Elucidating the functional domains of a leukemia oncoprotein with single cell CRISPR tiling screens

Olivia Habern

At our first-ever CRISPR Functional Genomics Symposium, experts in the field shared the latest advances in single cell CRISPR screening. With so many exciting applications to cancer, neurodevelopment, genetic disease research, and more, you don’t want to miss the full series, available on-demand here. And, keep reading to take a closer look at one innovative method presented at the symposium: single cell CRISPR tiling screens, a new approach to perturb coding genes and determine functional domains within the protein product while simultaneously assessing transcriptomic profiles from individual perturbed cells. Learn how a team of cancer researchers from City of Hope used this technique to better understand the functional domains of DOT1L, an enzyme member of a fusion oncoprotein associated with poor prognosis in highly malignant mixed-lineage leukemia.

At our recent CRISPR Functional Genomics Symposium, we heard from leading scientists who are applying CRISPR screening in new and innovative ways to address their biological questions. One active area of technological development in the field is the integration of CRISPR screening with single cell sequencing methods, enabling efficient detection of guide RNA with whole transcriptome profiling of individual edited cells in the same experiment. Benjamin Borgo, PhD, Head of Portfolio Management and Product Development at MilliporeSigma, and a featured speaker at the symposium, noted the potential of this approach:

"...functional genomics has the ability to use ultra high-throughput techniques like DNA sequencing to capture large and highly informative datasets. When we combine these with novel genome engineering tools, it allows for the rapid construction and dissection of gene pathways that govern cellular function and physiology.”

Indeed, innovations on both the CRISPR and single cell sequencing fronts are adding new capabilities to the CRISPR system, including access to multiomic cellular profiles with linked perturbations, providing a full view of the relationship between genotype and phenotype.

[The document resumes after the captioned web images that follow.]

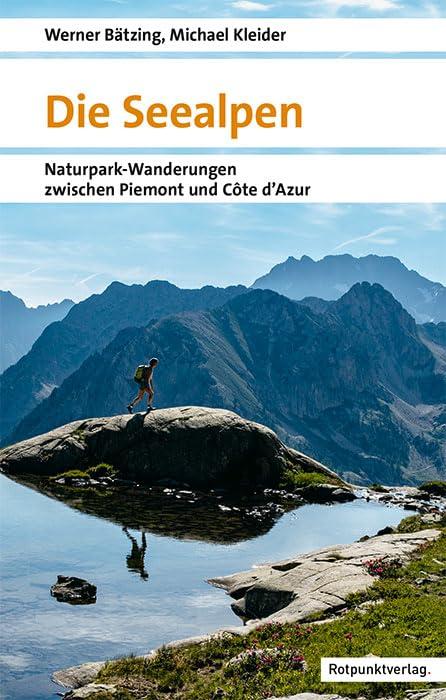 Die Seealpen: Naturpark-Wanderungen zwischen Piemont und Côte d’Azur (Naturpunkt)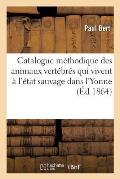 Catalogue M?thodique Des Animaux Vert?br?s Qui Vivent ? l'?tat Sauvage Dans l'Yonne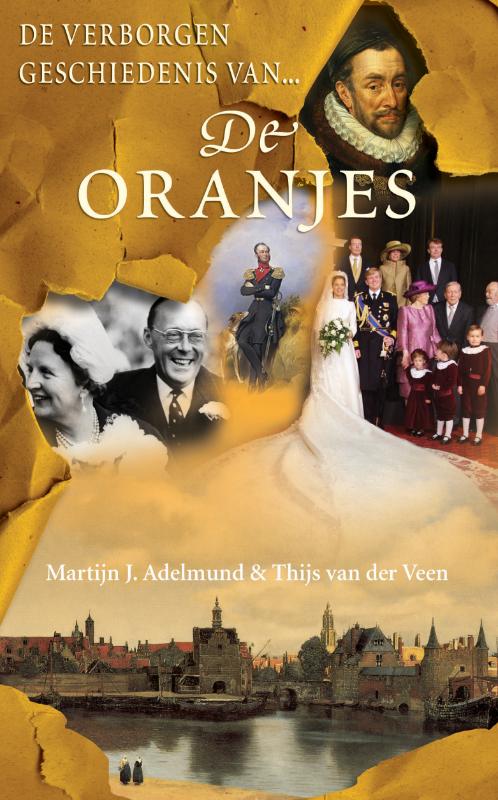 Omslag van De verborgen geschiedenis van de Oranjes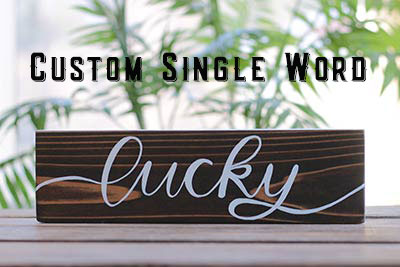Custom Single-Word Wood Sign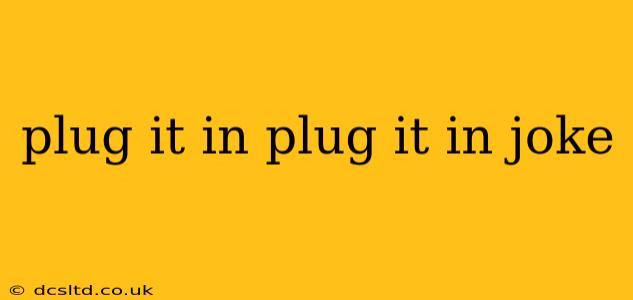 plug it in plug it in joke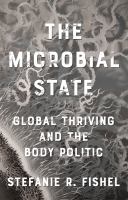 The microbial state : global thriving and the body politic /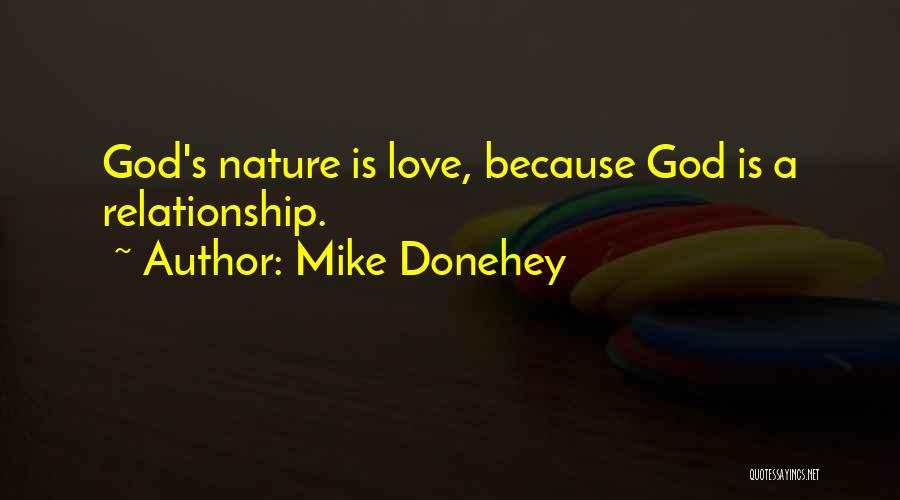 Mike Donehey Quotes 2263741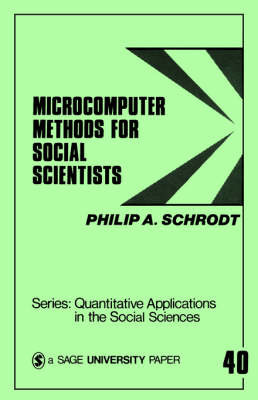 Microcomputer Methods for Social Scientists by Philip A Schrodt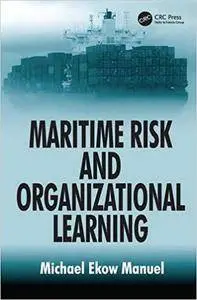 Maritime Risk and Organizational Learning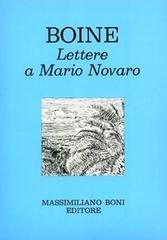 Lettere a Mario Novaro di Giovanni Boine edito da Firenzelibri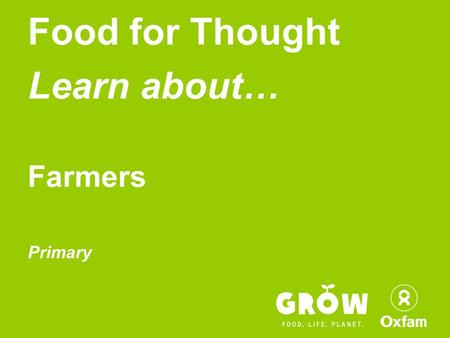 Food for Thought Learn about… Farmers Primary. Become an active Global Citizen!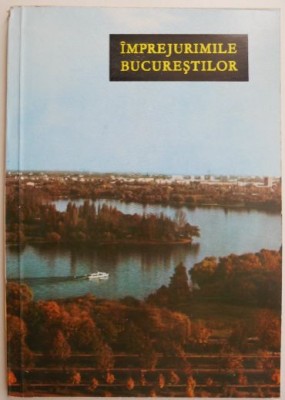 Imprejurimile Bucurestilor (putin uzata) foto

Improving research efficiency with single cell CRISPR screens

Innovations in single cell CRISPR screens are not only increasing the depth of insights that researchers can access through their experiments, but also providing greater confidence in the quality of those insights while improving experimental efficiency. Symposium speaker, Dr. David Chen, Assistant Professor, Department of Systems Biology at City of Hope, noted that one disadvantage of traditional CRISPR screens is the lack of certainty about whether a cell is  receiving only one guide RNA or multiple, resulting in a mixed bag of perturbations that are challenging to resolve. However, with the ability to track which guide RNAs individual cells are expressing through a sequencing-based readout, cells with multiple guides can be filtered out computationally.

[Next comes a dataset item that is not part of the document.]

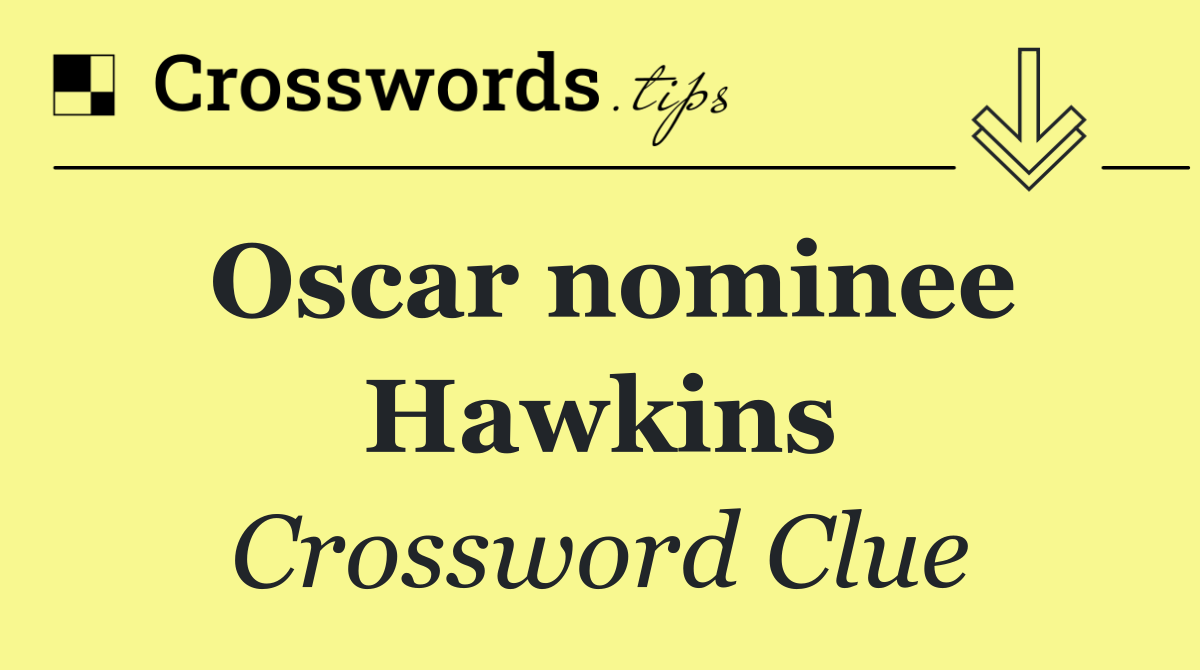 Oscar nominee Hawkins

“We always will have some portion of the cells that are receiving more than one guide RNA, and that could increase the concern about the phenotype we observed—is that caused by the combination effect of different guide RNA targeting different genes or different regions in this protein? [...] So to reduce the complexity of the screen, it is an easy solution for us that the cells are expressing only a single guide RNA. And in this case, we also know these guide RNAs are expressed in these single cells.”

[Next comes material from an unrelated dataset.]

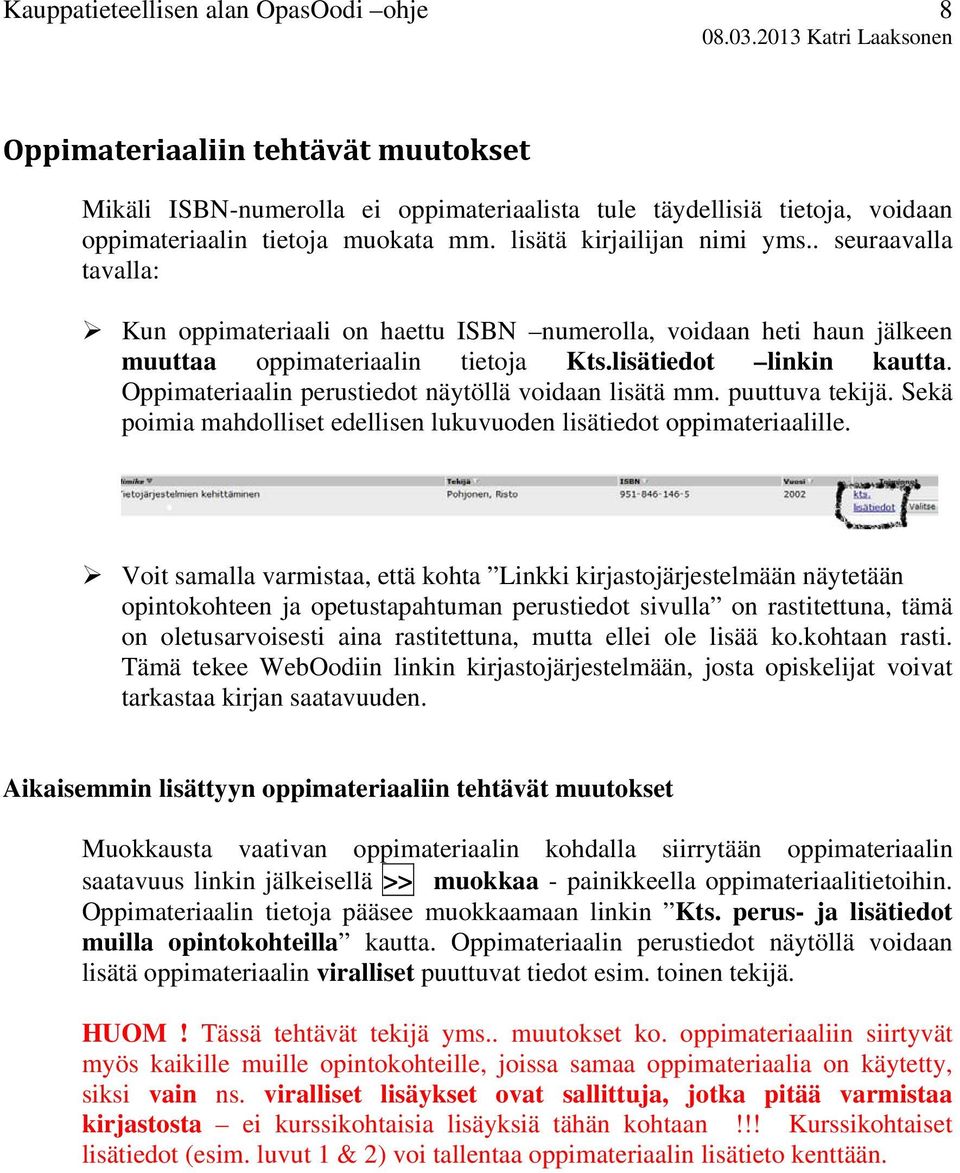 Oppimateriaalin perustiedot näytöllä voidaan lisätä mm. puuttuva tekijä. Sekä poimia mahdolliset edellisen lukuvuoden lisätiedot oppimateriaalille.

Dr. Chen also noted a difference in the timeline of traditional CRISPR screens, which rely on a cell death/cell survival phenotype, compared to the single cell CRISPR screen. While the former requires two to three weeks for cells to grow in culture until significant depletions in the population can be observed, single cell CRISPR screens not only accelerate time to results, but give access to information that a survival readout cannot reveal. For one experiment, Dr. Chen noted:

“...transcriptomic profiling was actually performed three days after the viral transduction. [As] compared to the survival screen, at the same time point, [where] there's no obvious cell number changes, suggesting that transcriptomic profiling may precede the cell end phenotype, including the cell differentiation and the survival change.”

Importantly, this allows scientists to approach the mechanisms they’re studying at an earlier stage after perturbation. Researchers can preserve additional time and labor with the ability to detect CRISPR edits and their resulting transcriptomic effects in the same experiment. By contrast, current CRISPR screening approaches require a separate sequencing step after culturing cells.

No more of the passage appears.